Two con men entered Myrna Munoz’s family jewelry store on Saturday and told her that because of a family emergency they needed to sell a large amount of gold jewelry fast.
“They weren’t even nervous. Like, they do this all the time,” Munoz said.
The two men entered Joyeria El Ruby in Denver with 445 grams of gold, which Munoz valued at over $11,000. The store’s surveillance footage shows one of the men asking Munoz a question to distract her while the other man quickly switches the real bag of gold, which Munoz has just assessed, with a bag of fakes that looked practically identical to the original.
Once the transaction was completed, one of the men stuffed the cash Munoz gave them for their gold into his pocket, and the two quietly left. The store was taken for the full $11,000 that she assessed the men’s gold to be worth.
Munoz’s mother realized what had happened just moments after the men left the store, when she noticed an unfamiliar piece of jewelry in the bag.
“My mom was like, ‘I don’t recognize this small chain here. Did we test it?’” she recalled.
The two began to test the jewelry and quickly realized that they’d been had. A simple test, in which a chemical is placed on gold, can reveal a fake if the tested area turns green. This was the case with every piece in the switched bag.
“This is a small family-owned business, hard-earned money that we have saved up,” said Munoz. “It makes me feel horrible.”
Many jewelry stores have been doing more business buying gold than they selling it, because melted down gold is worth more than $1,700 an ounce. And as the price of gold has spiked, the crime rate surrounding gold, from smash and grab robberies to more elaborate heists, has been climbing steadily.
Last month a woman brandishing a handgun stole more than $10,000 worth of gold coins from a coin shop in Van Nuys, Calif.
Near Buffalo, N.Y., earlier this summer a group of four men entered a Gold 4 Cash store, leapt over the counter, overpowered the two clerks and made off with an undisclosed amount of gold.

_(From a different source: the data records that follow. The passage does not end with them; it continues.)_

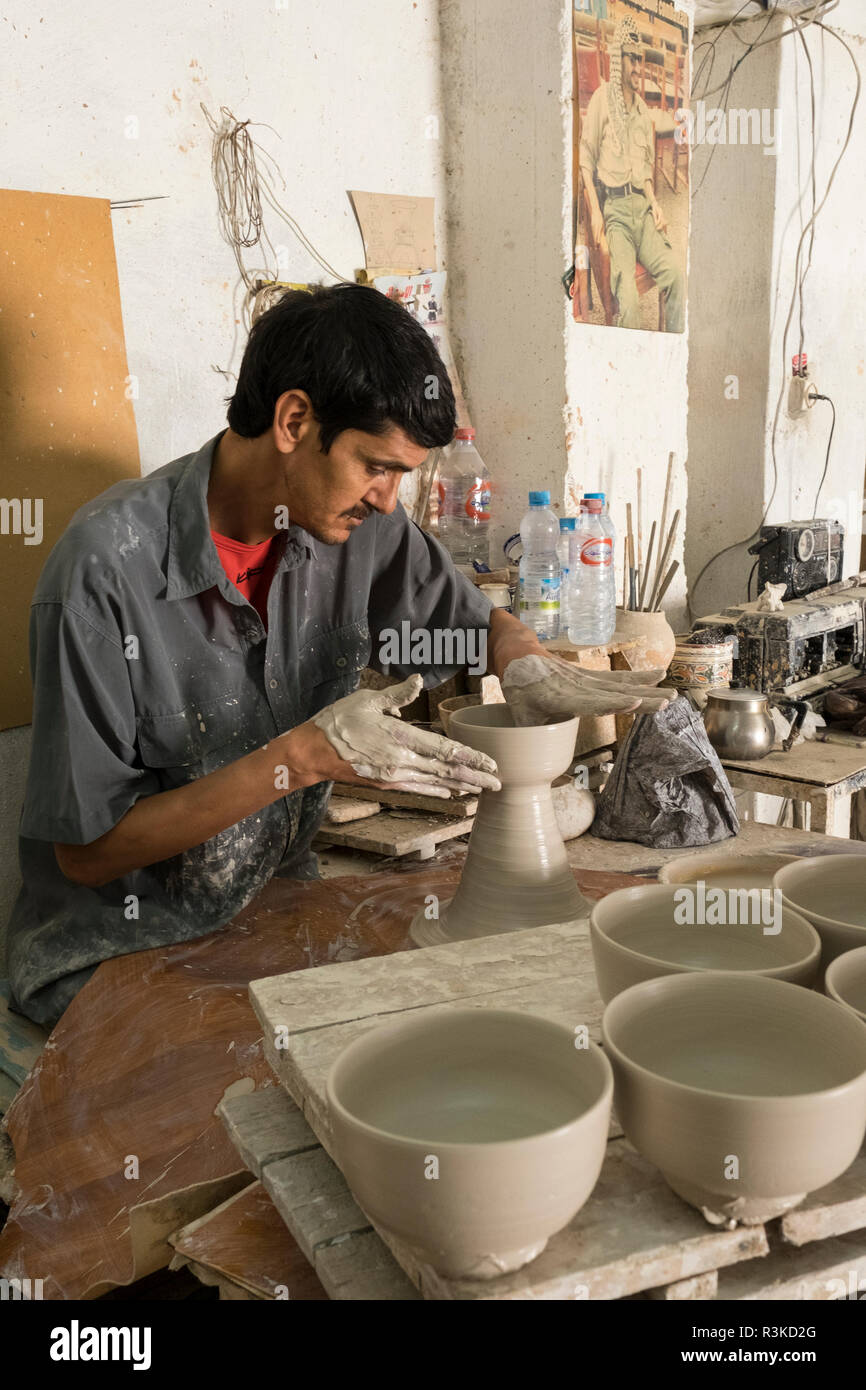 Man crafts ceramics on a potting wheel in a simple in Ceramic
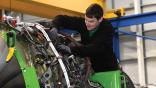 aircraft technician working on engine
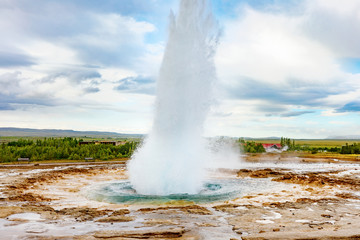 Iceland, Golden Circle touristic itinerary - iconic landmark Strokkur Geysir. Eruption of Strokkur geyser in Iceland.  Natural wonder - hot sprint that erupting every 5 minutes. Geothermal fields. 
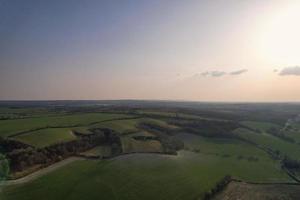 Gorgeous Aerial View of Luton City of England UK at Sunset Time, Colourful Clouds high angle footage taken by drone photo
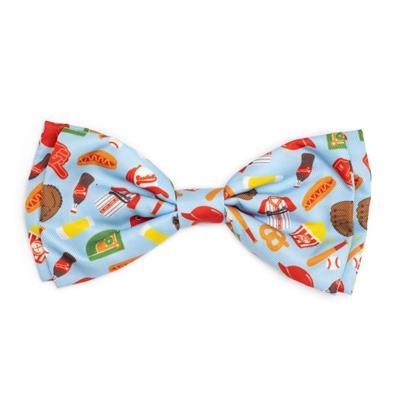 A multicolored bow tie with a pattern that includes hot dogs, fries, and other fast food items on a light blue background.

Tony Demarco, owner of Western Loan & Jewelry in East Los Angeles, said that in the gold business every once in a while the owner will get burned. He said that on Saturday Munoz made a rookie mistake.
“Twenty years ago, it would have been a thousand-dollar loss … the gold price is what’s pushing people — bad guys coming out of the woodwork,” DeMarco said.
As for Munoz’s misfortune, she’s certain that it’s a scam that these con men have run before, because she noticed that the real gold jewelry had been tested several times. She told ABC7 in Denver that the crooks had a smooth story — that they had taken it to a number of exchanges and just hadn’t found the right price yet.
The thieves were caught on her store’s surveillance camera, and the Denver police are currently investigating the crime.